_EXERCISE DETAILS:_ Look below for the line with "Solary Diagnostic Smoke" and the line with "Relaxed-Fit Crew-Neck T-Shirt". Copy exactly those two lines and every line between, but not the pictures.

_RECORD SET:_

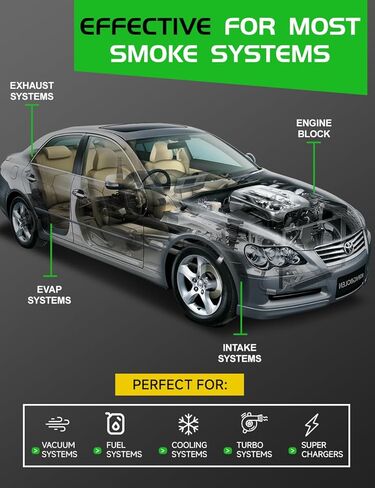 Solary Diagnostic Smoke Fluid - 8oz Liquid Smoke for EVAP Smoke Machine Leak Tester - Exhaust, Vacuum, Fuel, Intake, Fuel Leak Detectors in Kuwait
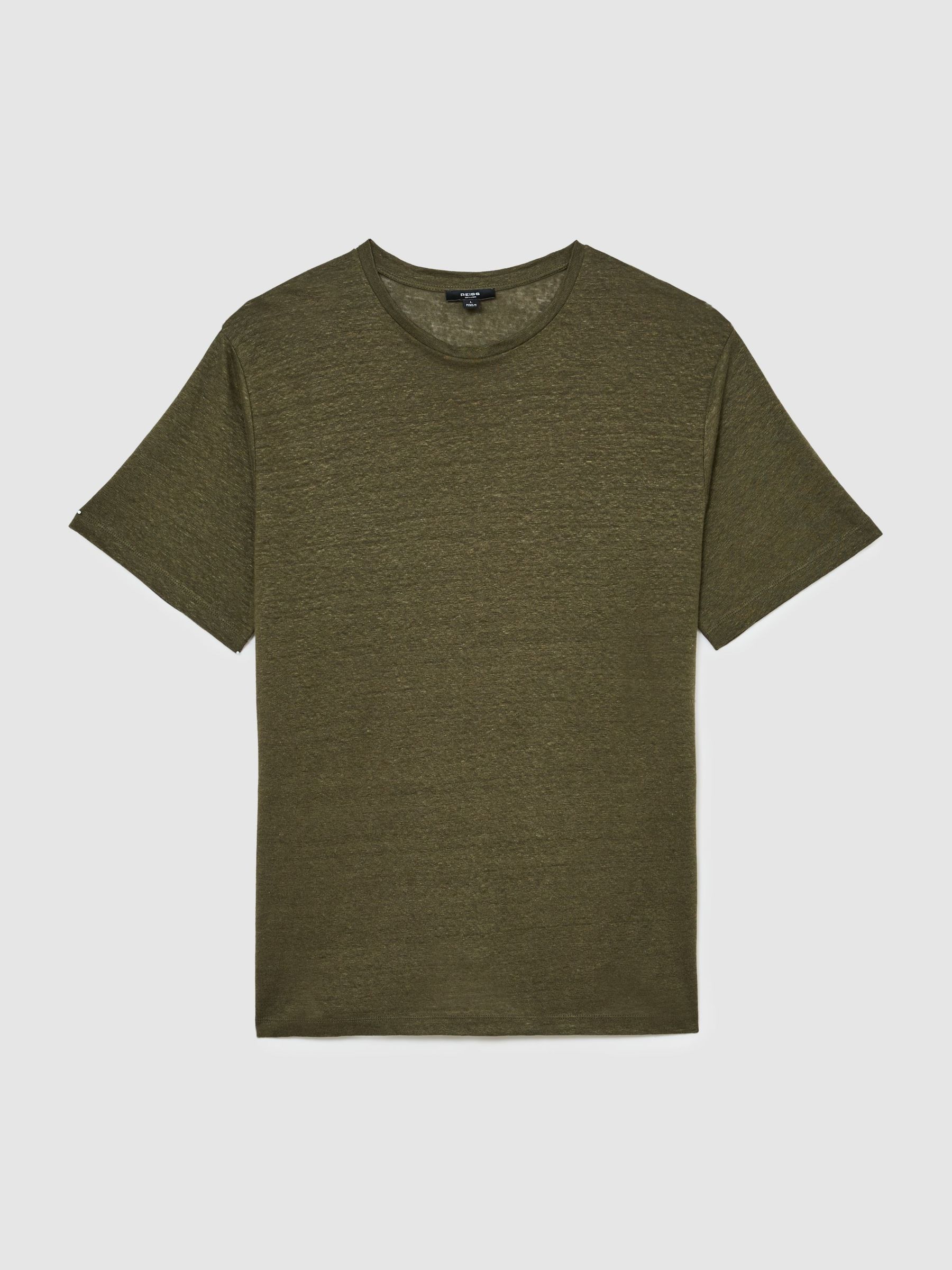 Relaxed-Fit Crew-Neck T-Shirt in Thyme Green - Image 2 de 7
...
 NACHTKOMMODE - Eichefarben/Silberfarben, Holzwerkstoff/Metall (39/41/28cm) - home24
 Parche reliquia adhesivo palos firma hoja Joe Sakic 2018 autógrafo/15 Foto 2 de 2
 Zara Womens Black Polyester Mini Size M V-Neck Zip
* * *
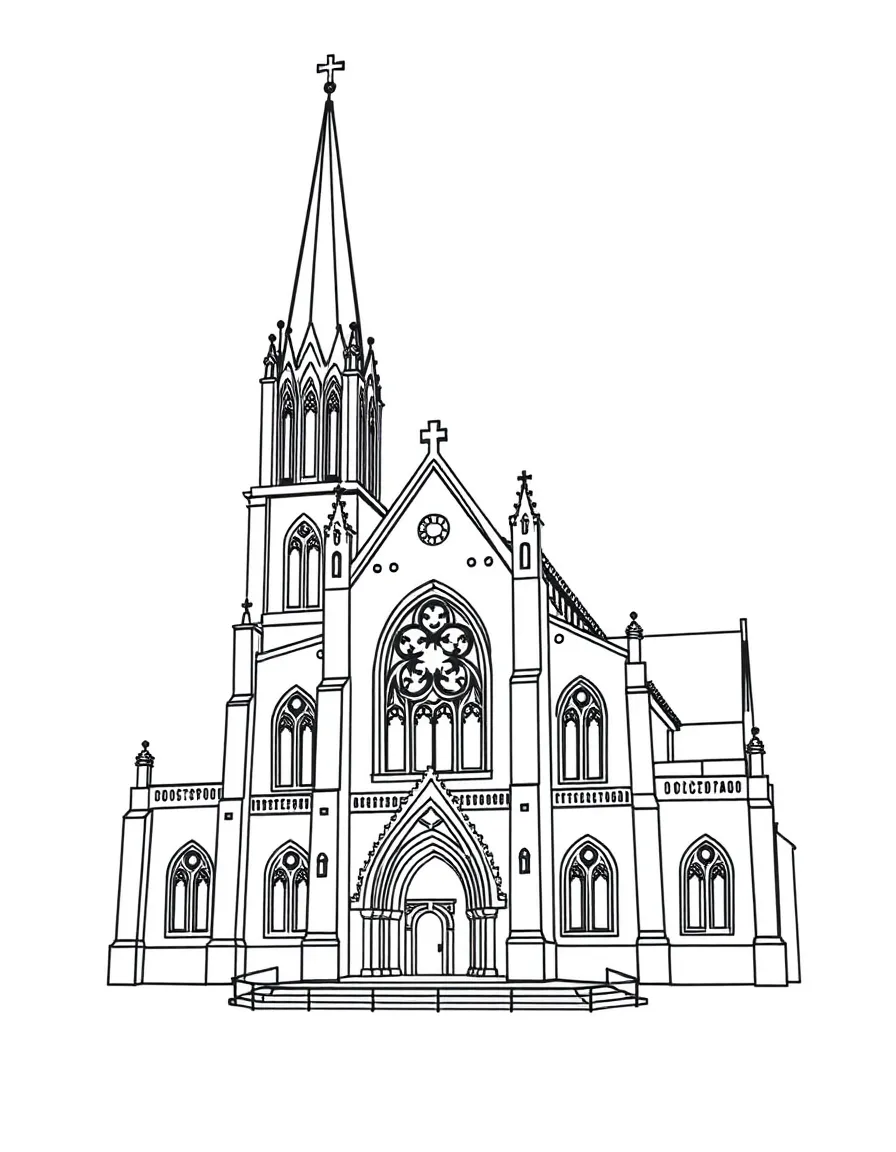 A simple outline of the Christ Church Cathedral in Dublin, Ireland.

_WRITTEN SOLUTION:_
 Solary Diagnostic Smoke Fluid - 8oz Liquid Smoke for EVAP Smoke Machine Leak Tester - Exhaust, Vacuum, Fuel, Intake, Fuel Leak Detectors in Kuwait
 Relaxed-Fit Crew-Neck T-Shirt in Thyme Green - Image 2 de 7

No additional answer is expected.